Sunffleupagus, first try and the questions were pretty vague... :lol:


----------



## legalskier (Sep 22, 2010)

I tried to ask whether he is offended that this thread calls him the "Askinator."  No response, so I guess he's cool with it.


----------



## Greg (Sep 22, 2010)

Apollo Creed, Thunderlips and Clubber Lang - all first try.


----------



## NYDrew (Sep 22, 2010)

Little Drew where the sun don't shine....he got it first try!!!!!!!!!!!!!!!!!!!  Really!

Genie From Aladdin..first try

Beavis...first try

Ba'al from Stargate...second try, first try Micheal from Stargate.


----------



## bvibert (Sep 22, 2010)

Greg said:


> Airwolf. :lol: First try.



I did Stringfellow Hawke a couple days ago and he got it...


----------



## bvibert (Sep 22, 2010)

I was able to stump him with Monique from Better off Dead...


----------



## wa-loaf (Sep 22, 2010)

Got Reinhold Messner and I didn't think he was going that way with the questions.


----------



## jaywbigred (Sep 23, 2010)

Got Martin Brodeur, Will Hunting, and Bob Vance (Vance Refrigeration), Brutus the Buckeye, Shane Botwin (Weeds), and Silvio Dante (second guess; first guess was Paulie Walnuts), Earl (from Toe Jam and Earl...third guess...first was some dragon video game, second was Toe Jam!)

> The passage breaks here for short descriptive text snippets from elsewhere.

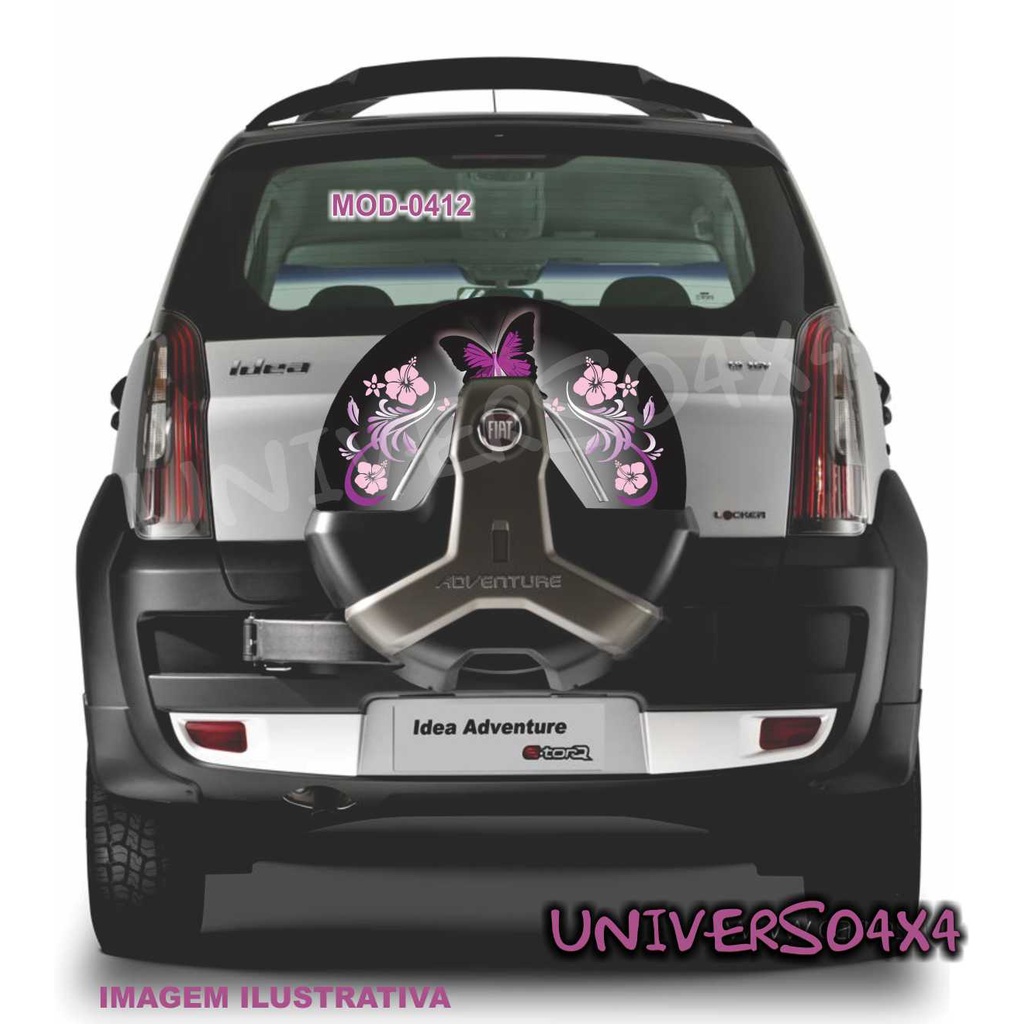 Capa Estepe Personalizada Fiat Idea e Doblo nova capa com furo central Borboleta Flores M-0412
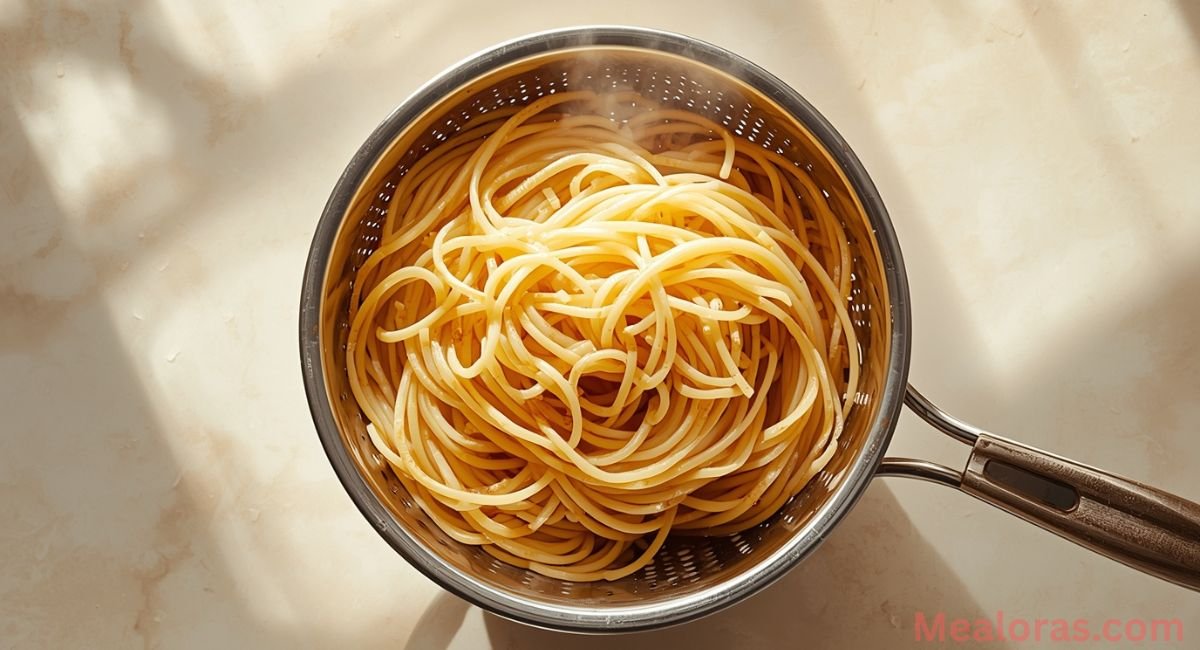 cooked spaghetti noodles rinsed and drained in colander after boiling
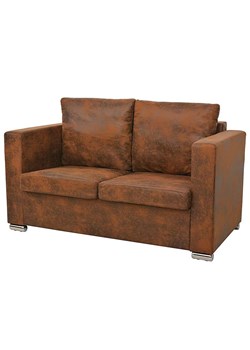 Przytulna brązowa sofa dwuosobowa - Pelagio 2Q ze sklepu Edinos.pl w kategorii Sofy i kanapy - zdjęcie 175259628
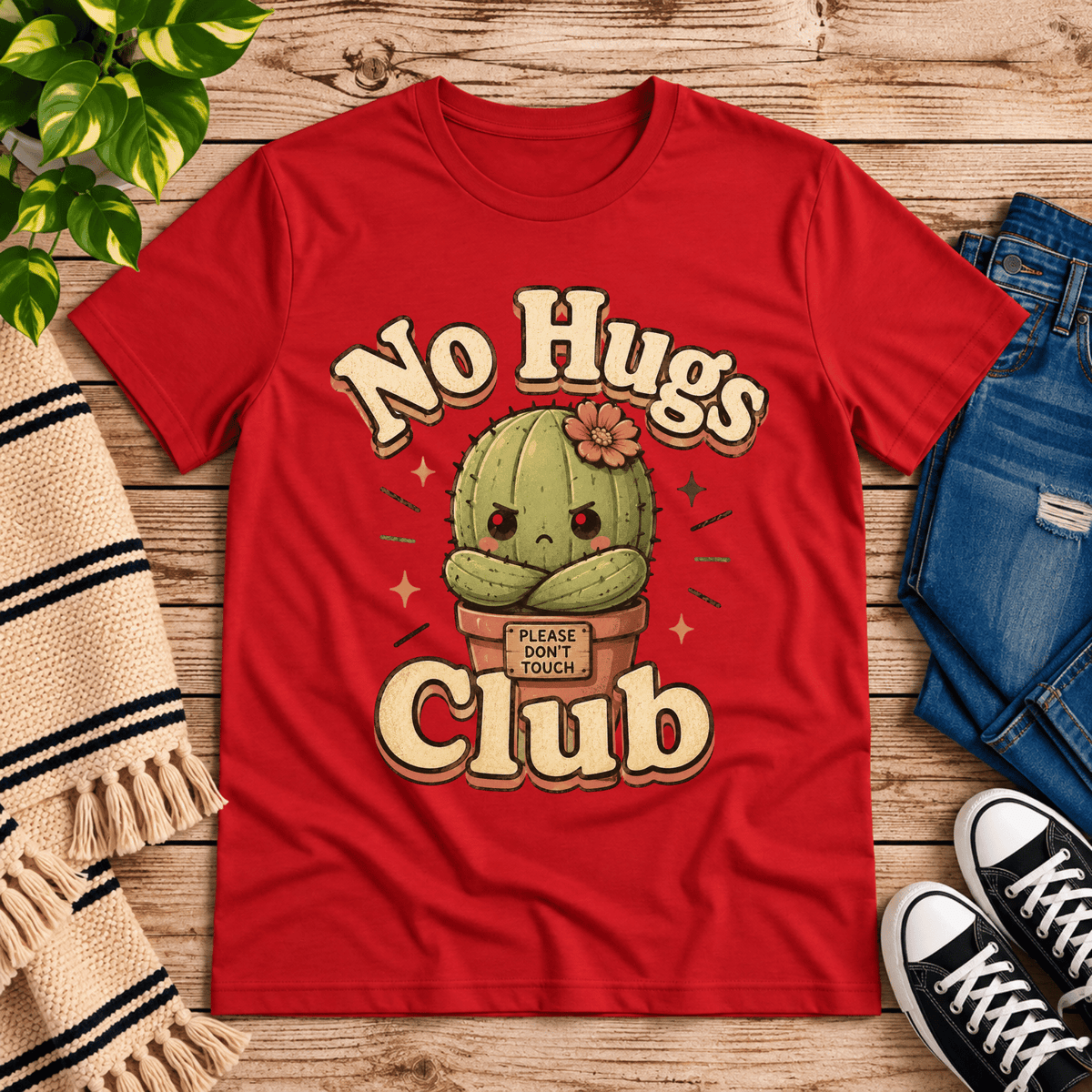 No Hugs Club funny cactus graphic t-shirt cozy flat lay in red.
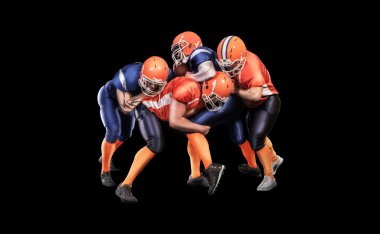 İzole rekabetçi oyun sırasında top ile Amerikan futbolu oyuncusu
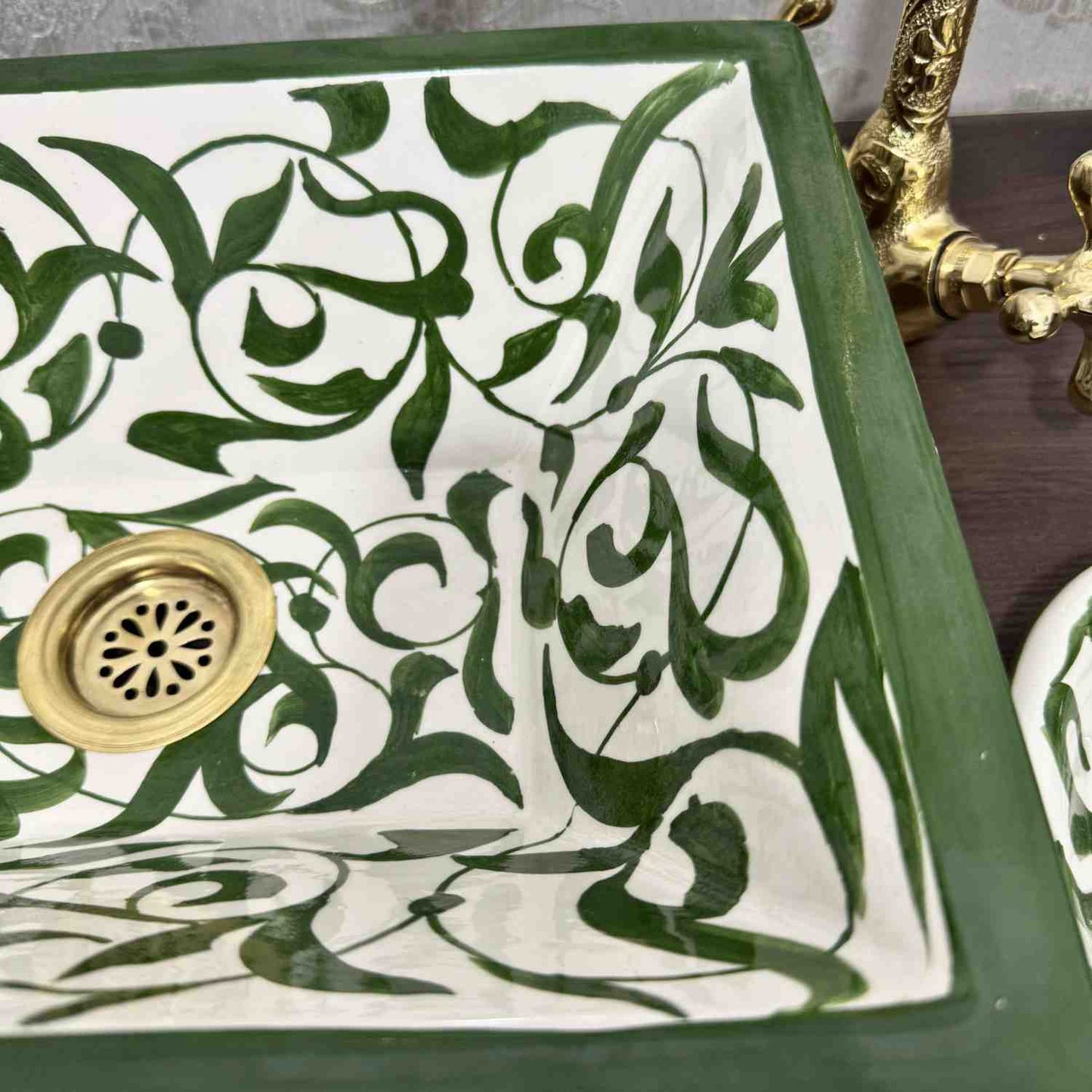 ceramic painted sink - antique hand wash basin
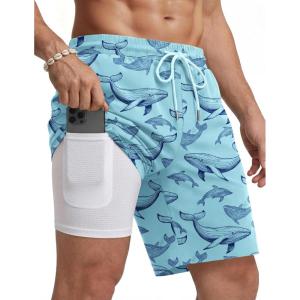 COOFANDY Mens Swim Trunks with Compression Liner Quick Dry 7 Inch Bathing Suit Beach Short with Zipper Pockets(Ocean Whale)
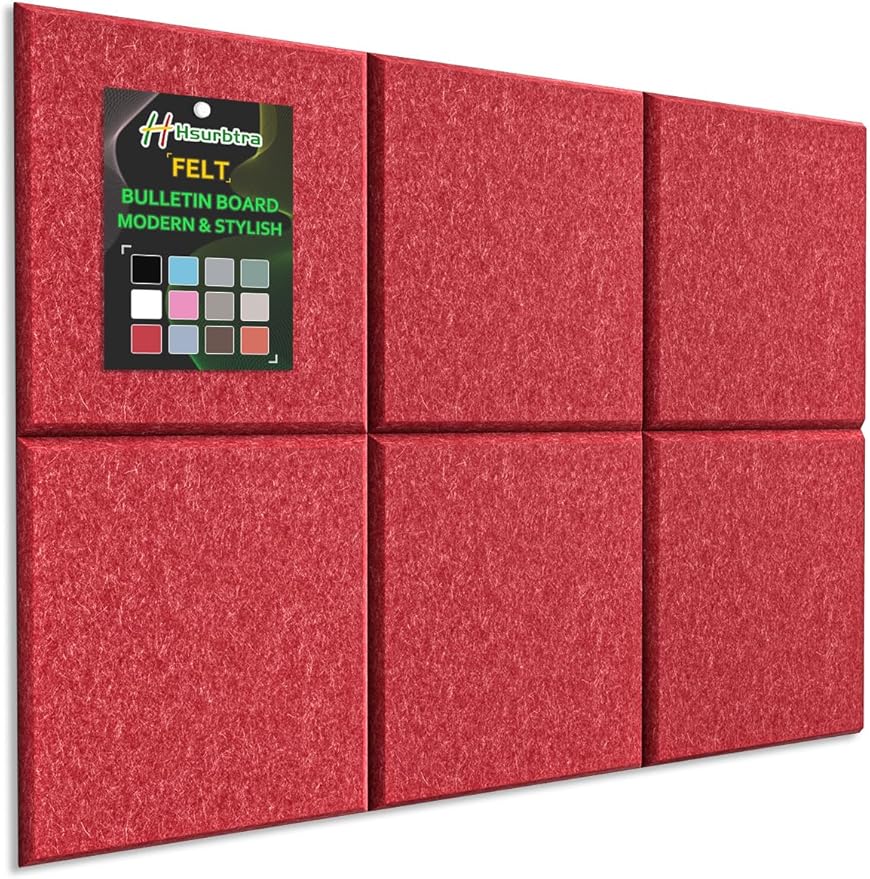 Hsurbtra Cork Board for Wall 24 x 18 Inch, 6 Pack Felt Bulletin Notice Board with Pushpins for Office Home School Farmhouse Wall Decor, Red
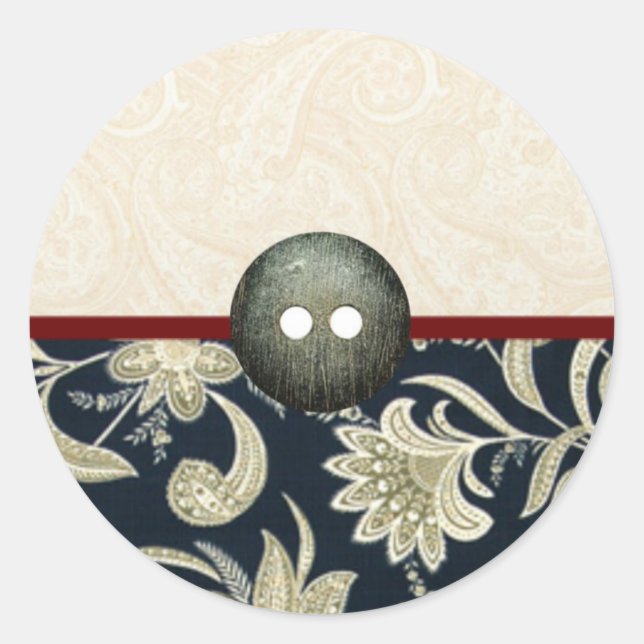 Adesivo Redondo Elegante Paisley Tapeçaria Espetáculos de Negócios (Frente)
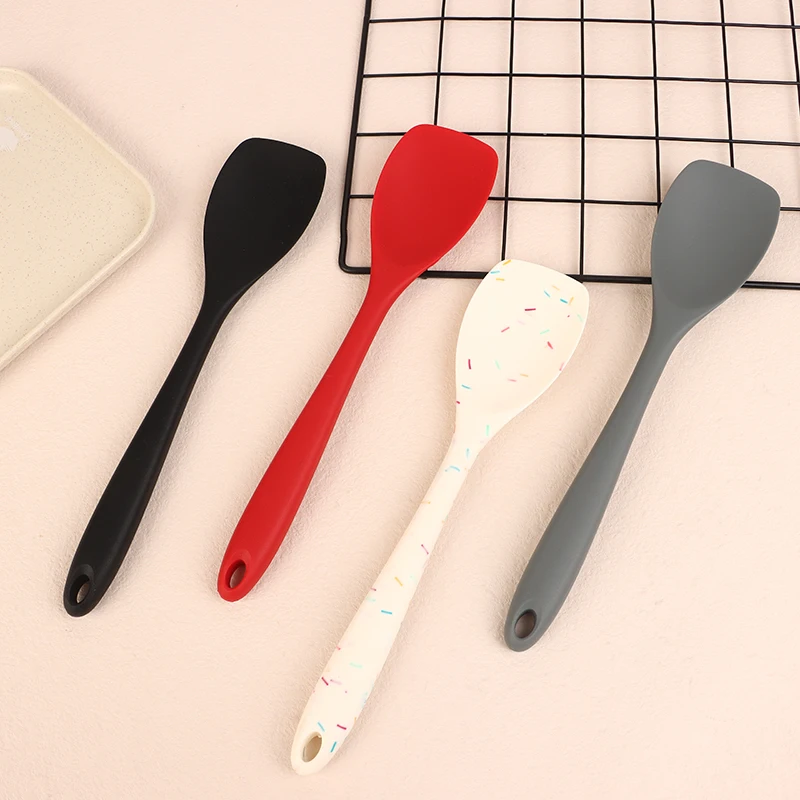 Food Grade Silicone Spoon Spatula Heat Resistant Cooking Spoon Nonstick Baking Scraper Stirring Scooping Salad Mixing Spoon 2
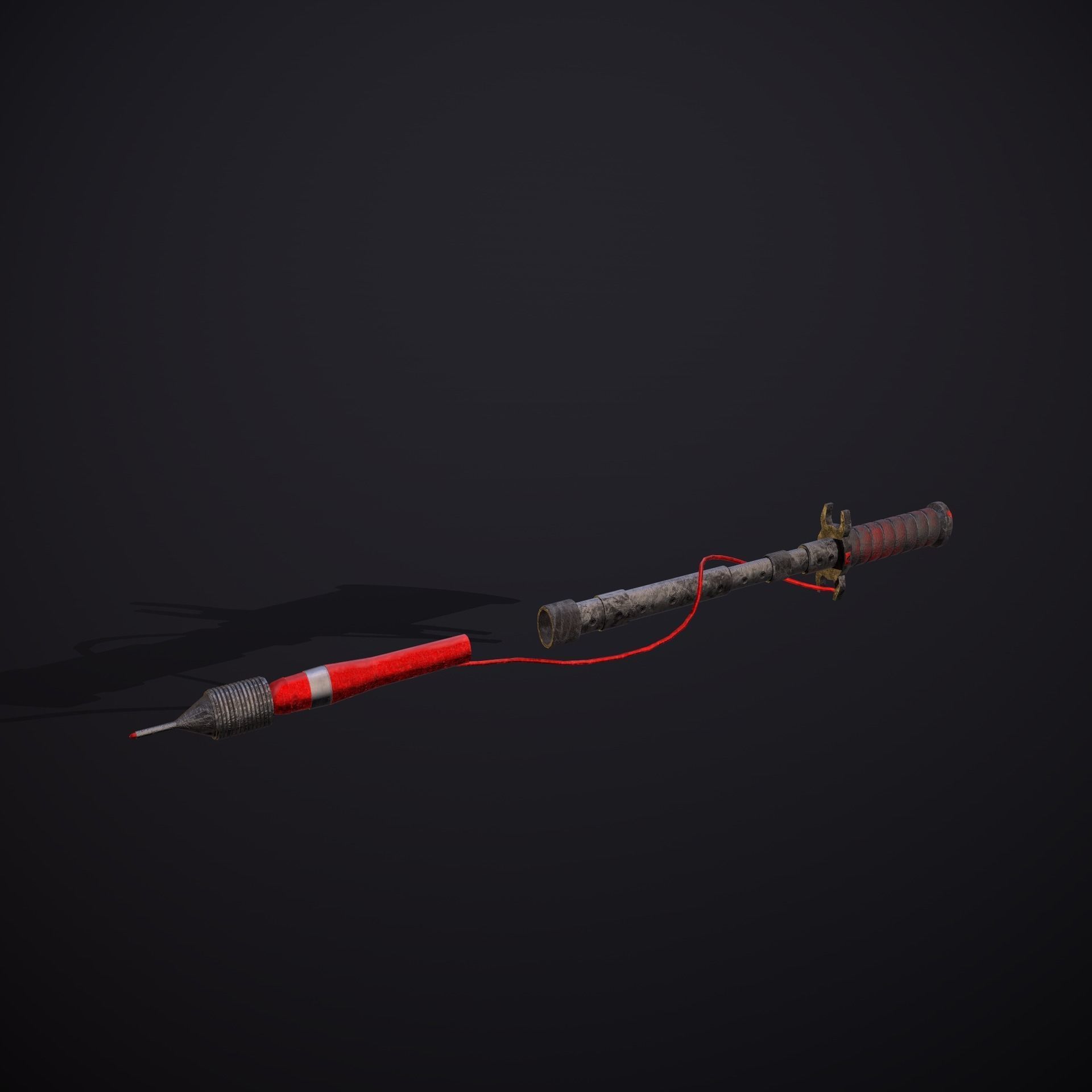 Sci-Fi harpoon Low-poly 3D model_7
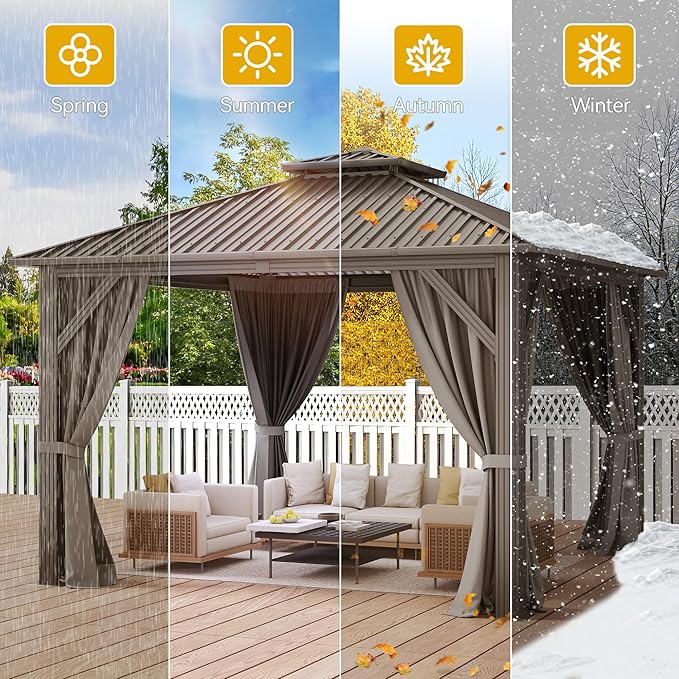 DWVO 12x12ft Hardtop Gazebo Double Roof with Nettings and Curtains, Heavy Duty Galvanized Steel Outdoor Vertical Stripes Roof for Patio, Backyard, Deck, Lawns, Gray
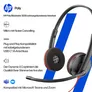 Poly Blackwire 3220 Schwarz Kabelgebundenes Stereo-Headset, USB-C/A, unterstützt Poly Lens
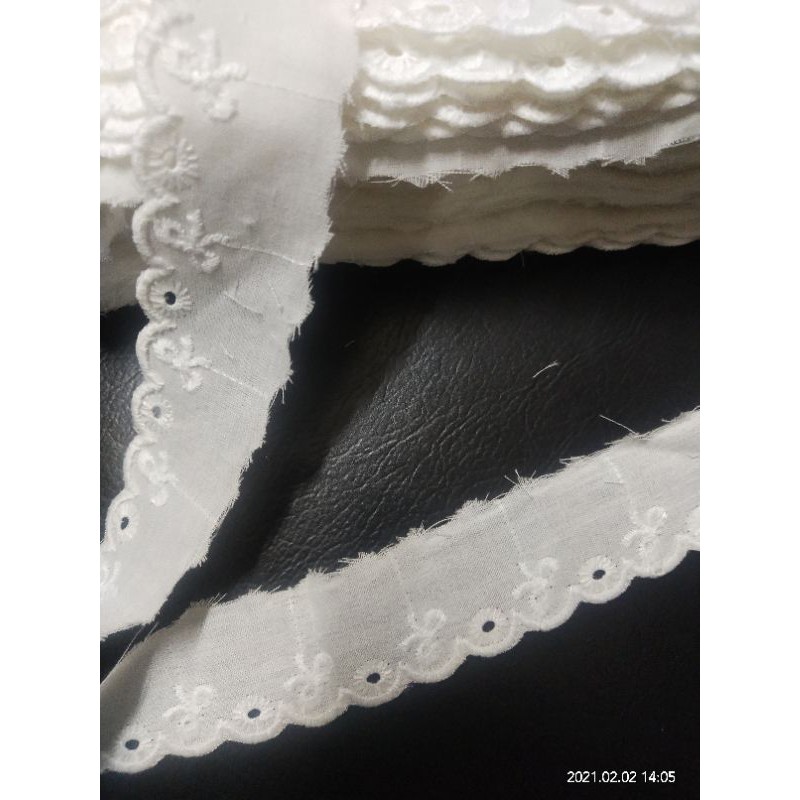 Renda bordir katun 3 cm renda katun putih renda mukena renda baju pinggiran renda bordir putih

Did not get Beverly D'angelo (was in database but Bo Derek, other 80s hotties were guesses), A.J. Kitt (Kevin Pearce, Bode Miller), Snots the dog (Sam from I am Legend; Rin Tin Tin), Dexter Rutecki (not close), Ezra Cornell (was in database but guessed Oliver Wendell Holmes, Henry David Thoreau), Felix Frankfurter (Clarence Darrow, Oliver Wendell Holmes), Tom Kite (Arnold Palmer, Tom Watson), Chris Terreri (Mike Richter, Ed Belfour, Tony LaRussa), Jack White (M. Ward, the guy from Xiu Xiu, the guy from Okkervil River)


----------



## Riverskier (Sep 23, 2010)

Wow, it got Peter Steele the lead singer of Type O Negative. My favorite band of all time, but one most people have never even heard of.


----------